Pada 1914 Maharaja meminta berhenti karena uzur. Putera dia dari Puansuri Tengku Syarifah Jawiyah – Kedah, yaitu Tengku Alamsyah masih berhalangan, maka untuk sementara diangkatlah pejabat, yaitu Tengku Ibrahim dan Tengku Jalaluddin - Tumenggung Deli, sampai Tengku Alamsyah berkebolehan.

Dua belas tahun kemudian, Tengku Alamsyah ditabalkan menjadi raja Kerajaan Padang dengan gelar Tengku Maharaja Bongsu, 1926. Meski saat Tengku Alamsyah dinobatkan menjadi Maharaja, Deli berpendapat bahwa turunan Jamta Melayu gelar Raja Tebing Pangeran lah yang berhak menjadi raja. Padahal hubungan Tengku Alamsayah dan turunan Jamta Melayu sangat mesra.

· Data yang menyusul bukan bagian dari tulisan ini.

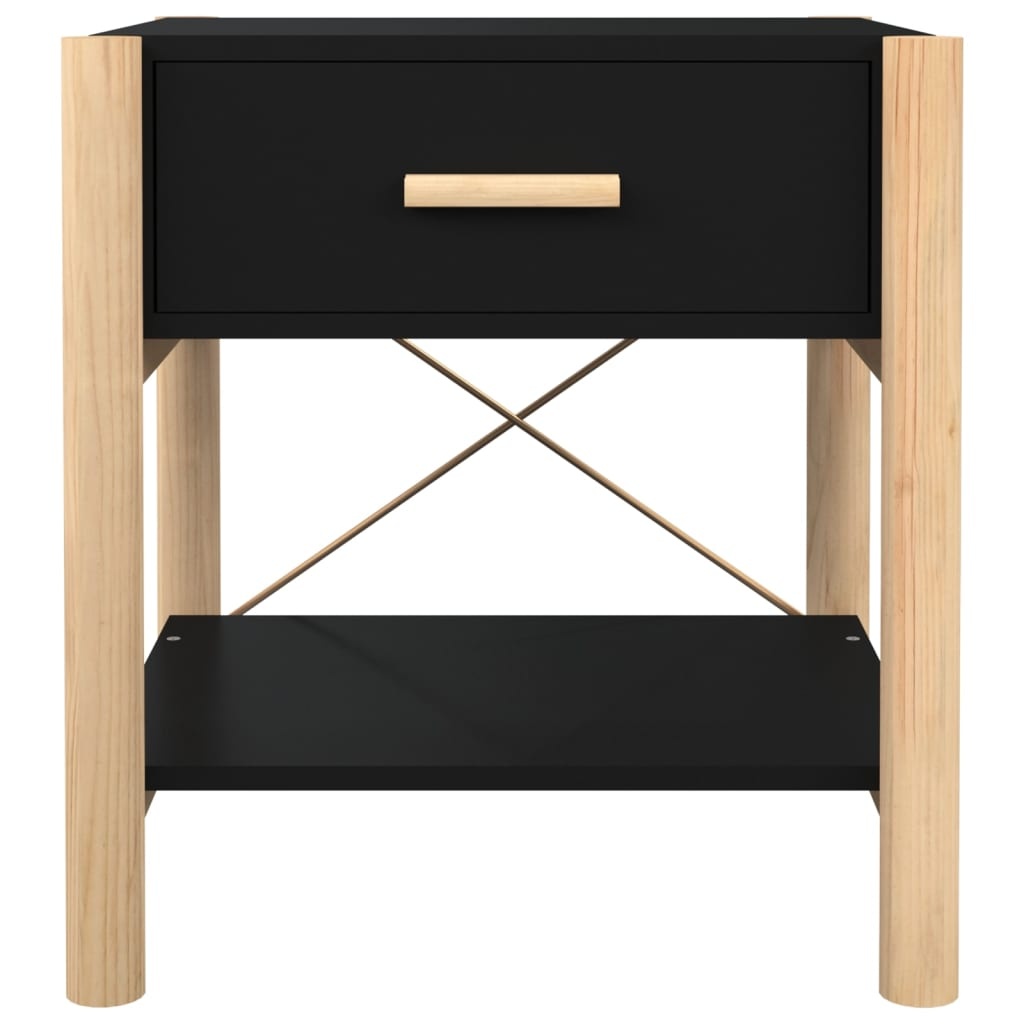 vidaXL Nachtkastjes (2 st) Zwart - 35% Korting! Lichte Gebruikerssporen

Pada masa Tengku Alamsyah, Kerajaan Padang menunjukkan banyak pembangunan. Di era pemerintahan raja ini, juga dilanjutkan pembangunan Tebing Tinggi dengan meminjam kas Kesultanan Deli sebesar 40.000 gulden. Namun Deli menganggap ini sebuah penggelapan, karenanya pada mei 1932, Tengku Alamsyah berangkat ke Siak. Sortia sebagai Tengku Penasihat (putera Jamta Melayu gelar Raja Tebing Pangeran) menemui Deli di Medan, untuk meluruskan tuduhan Deli yang tidak berdasar. Upaya Sortia membawa hasil, pinjaman tersebut diputihkan oleh Deli karena ikhtikat utusan kerajaan Padang tersebut mempertemukan Tengku Alamsyah dengan Sultan Deli pada 14 Maret 1935.

Di saat kepergian Tengku Alamsyah ini, Kerajaan Padang dijabat saudara-saudaranya, masing-masing Tengku Ismail (1932-1933) dan Tengku Hassim (menjabat pada1933 – hingga muncul revolusi sosial 1946).